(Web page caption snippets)
= Beginning of Section =

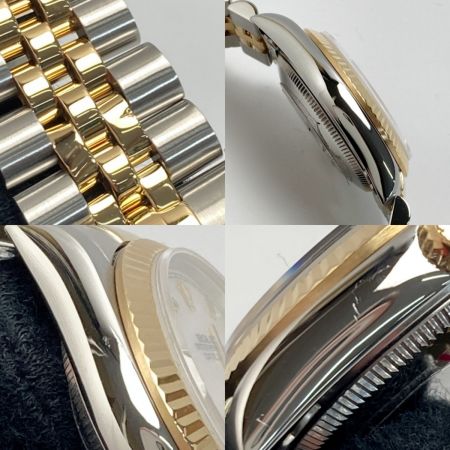  ROLEX ロレックス デイトジャスト S番 ローマ K18 68273NR シェル文字盤 自動巻き ボーイズ 腕時計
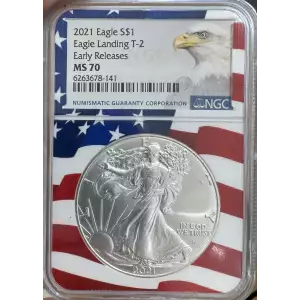 2021 American Silver Eagle NGC MS70 T-2 ER (Eagle Label/USA Flag Core) (2)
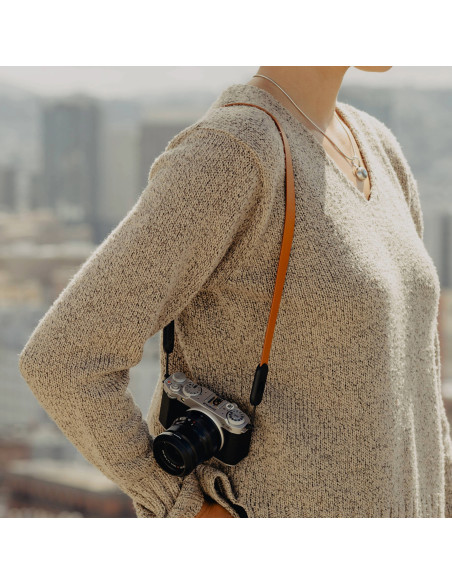 Pasek Peak Design Form Leather Camera Strap Neck Amber- bursztynowy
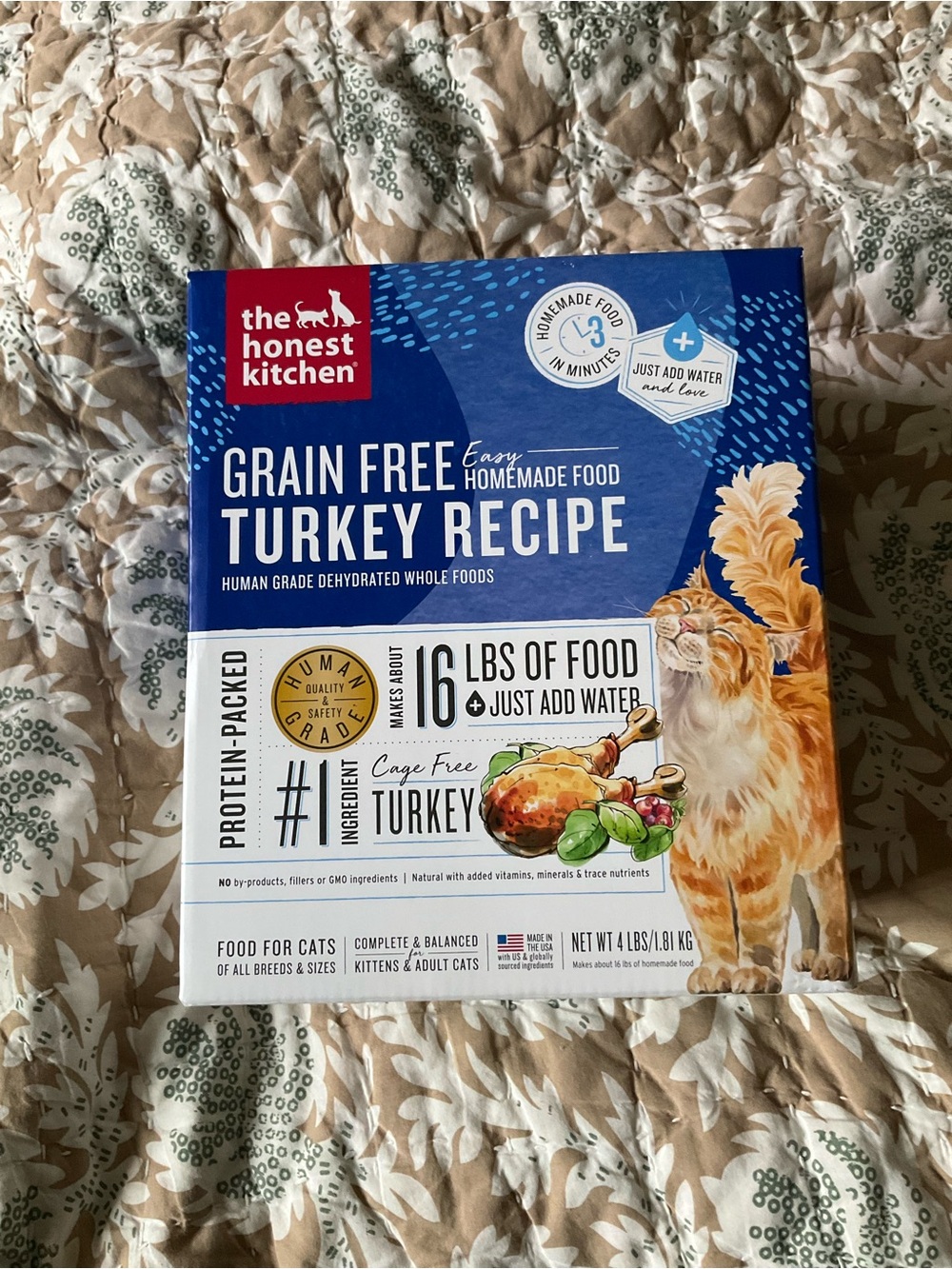 Grain Free Turkey Recipe Cat Food - dehydrated raw, 4 pound box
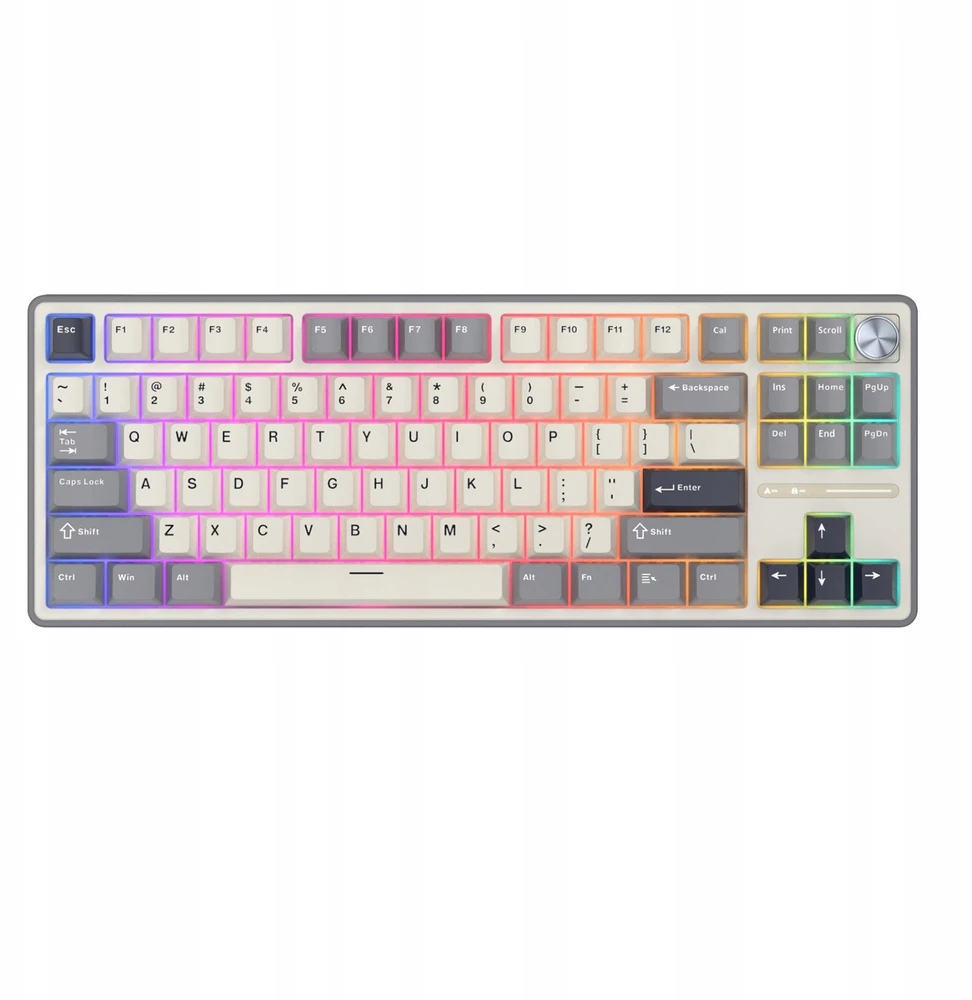 Royal Kludge RK R87 Pro - US išdėstymas - Hot-Swappable Brown Switches - Pilkas (Pilka) Mechaninė Žaidimų Klaviatūra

= End of Section =

What is required –
Please write out the lines above, beginning at the line with "Grain Free Turkey" and ending at the last line of the records, exactly as they appear and without pictures.

Answer to this exercise –
 Grain Free Turkey Recipe Cat Food - dehydrated raw, 4 pound box
 Royal Kludge RK R87 Pro - US išdėstymas - Hot-Swappable Brown Switches - Pilkas (Pilka) Mechaninė Žaidimų Klaviatūra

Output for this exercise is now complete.